• Aim of the task: Reproduce exactly the lines of the material beneath, from the line that contains "Quantum AI and" to the line that contains "Продажа дома, 60м", both included, and no other lines.

• Input:

[Start of Attachment]

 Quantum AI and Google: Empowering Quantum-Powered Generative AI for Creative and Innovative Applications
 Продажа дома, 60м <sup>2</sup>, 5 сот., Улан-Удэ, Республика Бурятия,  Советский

[End of Attachment]
[Start of Attachment]

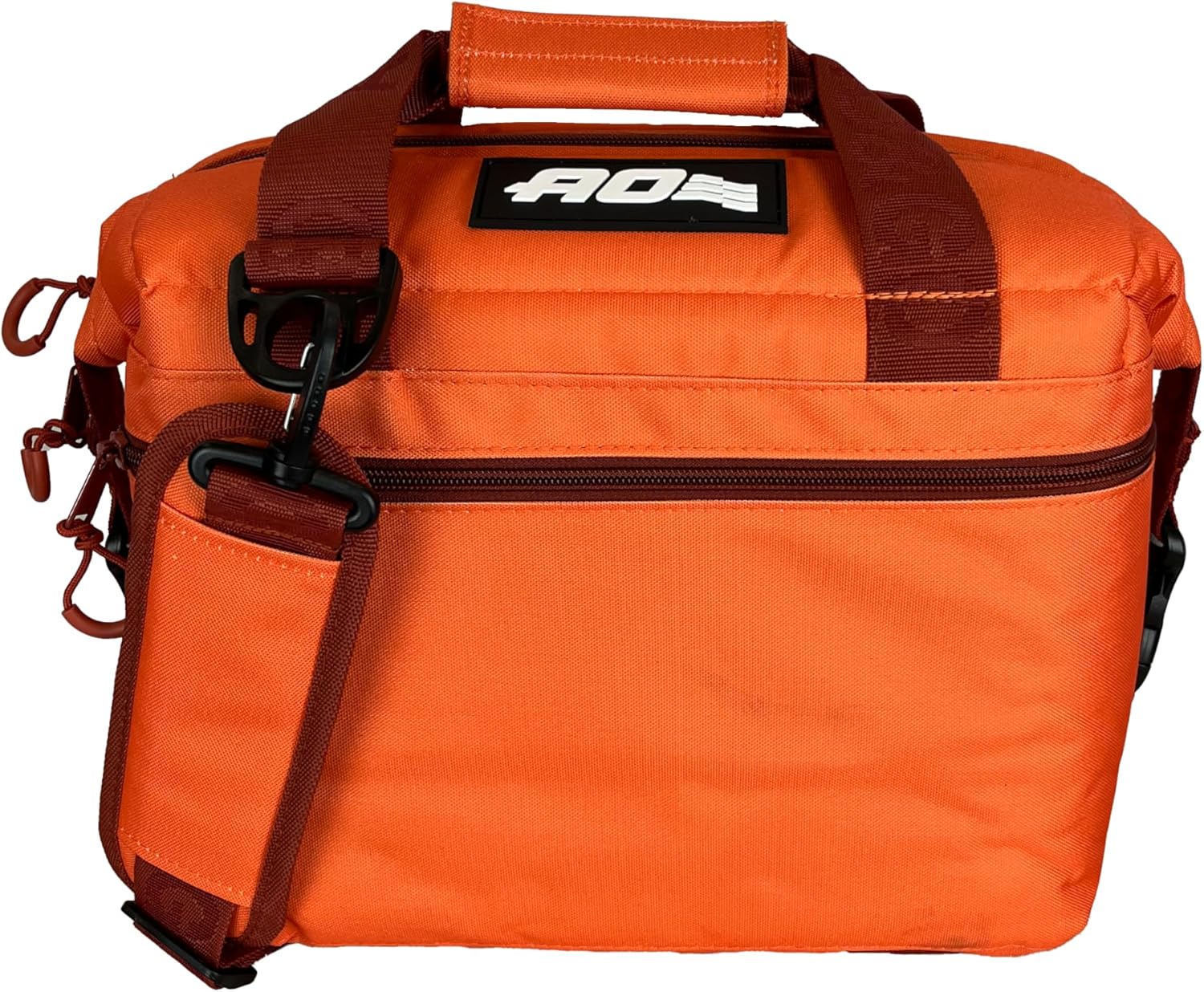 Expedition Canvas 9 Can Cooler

[End of Attachment]
[Start of Attachment]

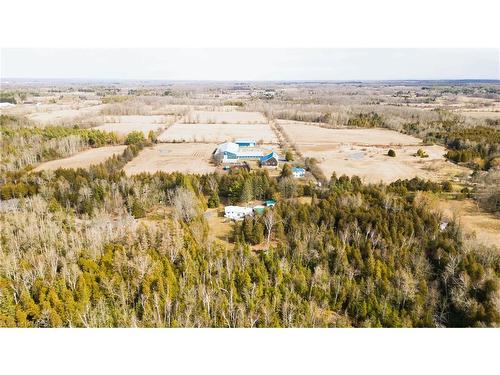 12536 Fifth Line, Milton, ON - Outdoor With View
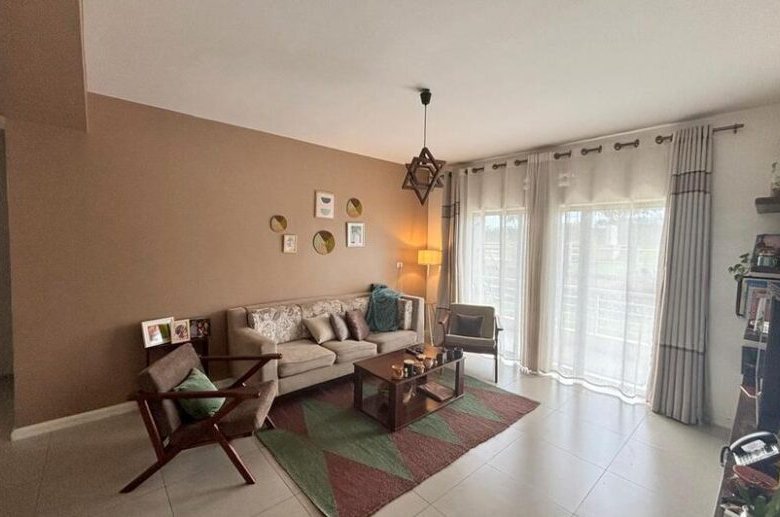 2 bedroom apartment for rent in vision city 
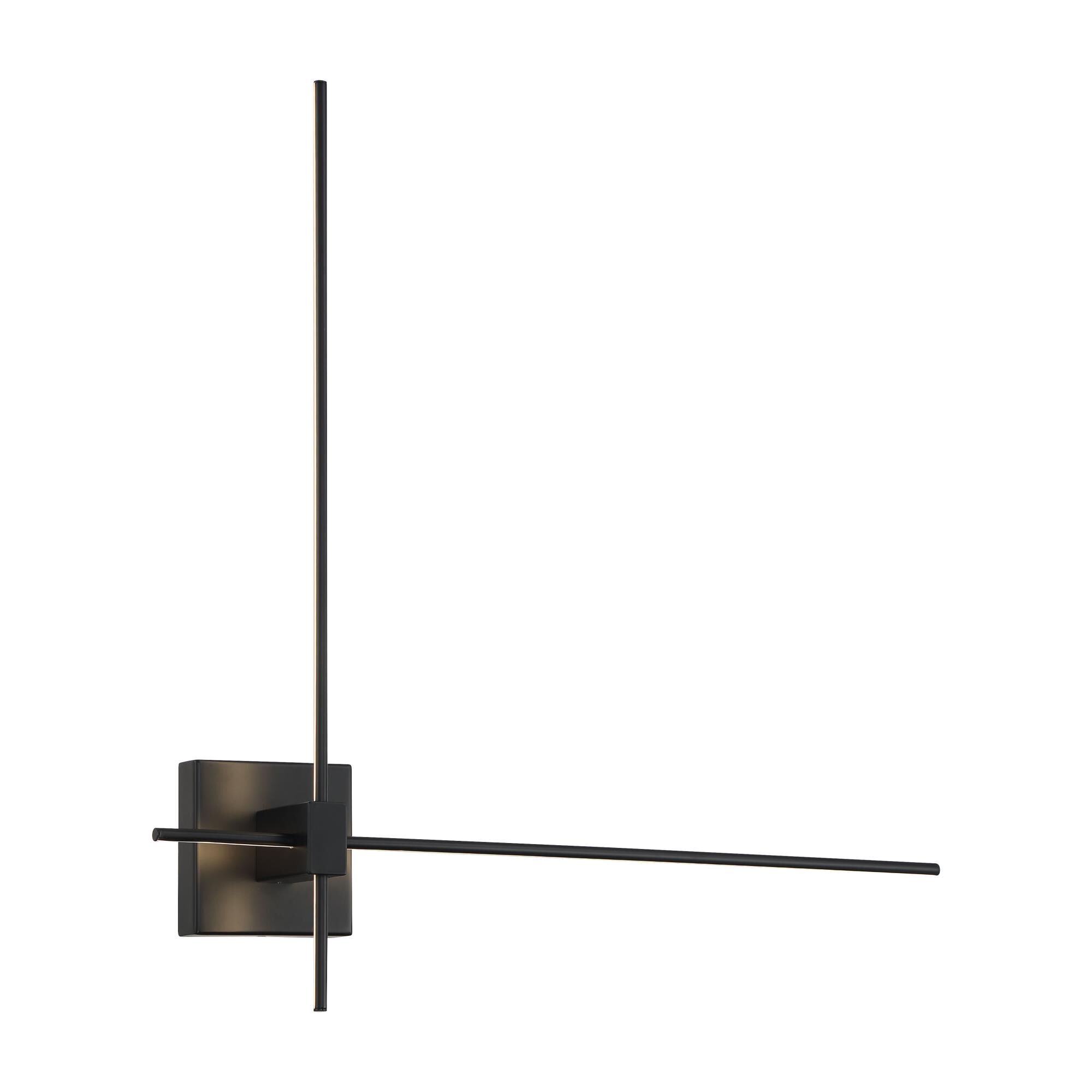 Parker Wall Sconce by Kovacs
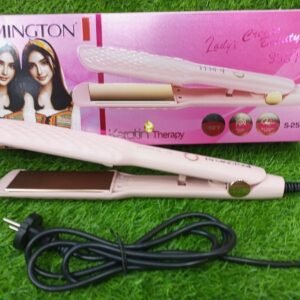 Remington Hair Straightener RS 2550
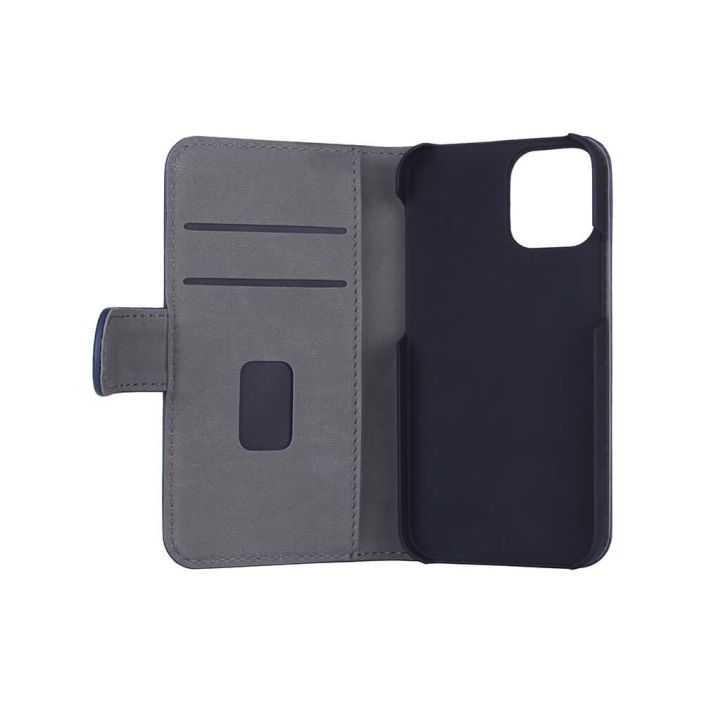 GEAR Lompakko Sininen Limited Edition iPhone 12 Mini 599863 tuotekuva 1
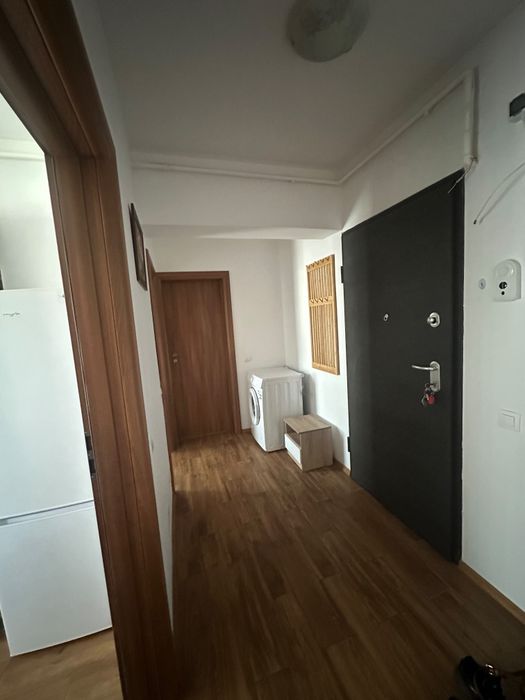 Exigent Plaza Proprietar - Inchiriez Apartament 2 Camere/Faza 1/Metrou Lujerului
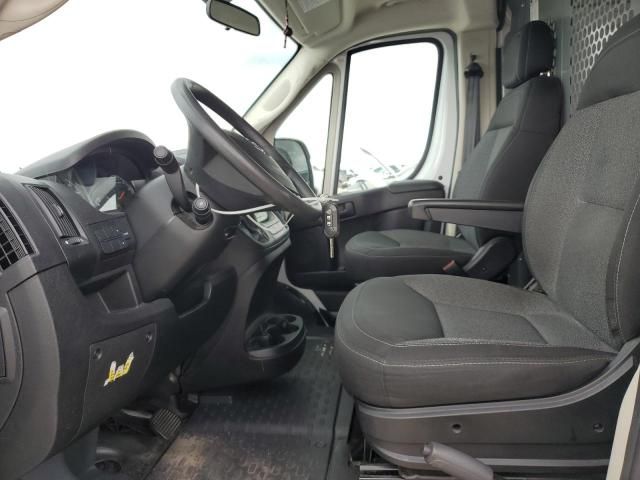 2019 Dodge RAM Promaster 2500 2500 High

[End of Attachment]

• Response to this exercise:
 Quantum AI and Google: Empowering Quantum-Powered Generative AI for Creative and Innovative Applications
 Продажа дома, 60м <sup>2</sup>, 5 сот., Улан-Удэ, Республика Бурятия,  Советский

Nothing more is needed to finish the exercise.